No plan to tax ISPs: heritage minister
TORONTO Heritage Minister Mélanie Joly reiterated there will be no tax on internet service providers, but it’s not clear how she plans to get new digital players to support Canadian content as broadcasting shifts to the internet from television.
“I’ve said it in June, the prime minister also said it in June. There will be no ISP tax,” Joly told reporters after discussing her Creative Canada strategy at the Empire Club of Canada in Toronto on Thursday.
Joly outlined the need to modernize the broadcast and telecom acts for the internet era on the same day Canada’s broadcast regulator, at her request, embarked on a mission to figure out how Canadians will consume audio video content in the future and how new platforms can support content creation.

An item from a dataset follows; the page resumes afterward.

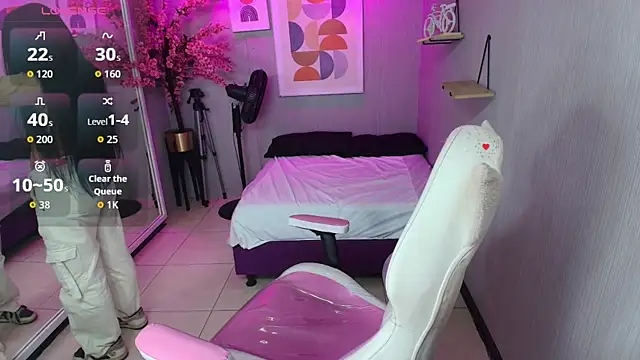 Snapshot of Carolina_cherry chatting on 03.17.26 Carolina cherry online show from 03.17.26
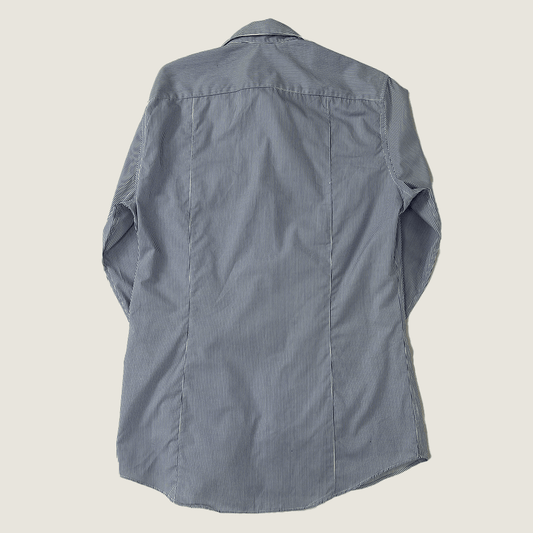 Back view of the H&M mens dress shirt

The Canadian Radio-television and Telecommunications Commission launched a consultation on how these new access models will “ensure a vibrant domestic market that is capable of supporting the continued creation, production and distribution of Canadian content.”
“We will be working with the CRTC to understand what are the new players in the sector and also how can there be new ways of supporting Canadian content,” Joly said. “In the context of streaming services, our legislation right now doesn’t deal with the reality of the internet.”
Canada’s existing system was set up for a broadcast world where content was consumed on radios and television screens. In this world, broadcasters are required to contribute a percentage of revenue to fund Canadian programming. But the funds available for local creators have declined as television revenues stagnate.
Many have eyed the new platforms where consumers access content — namely, streaming services and internet service providers — as possible sources to make up for the lost broadcast revenue. Many others have decried any levy on these services as a bad idea.
Joly did not reveal any ideas on ways these new players will support Cancon.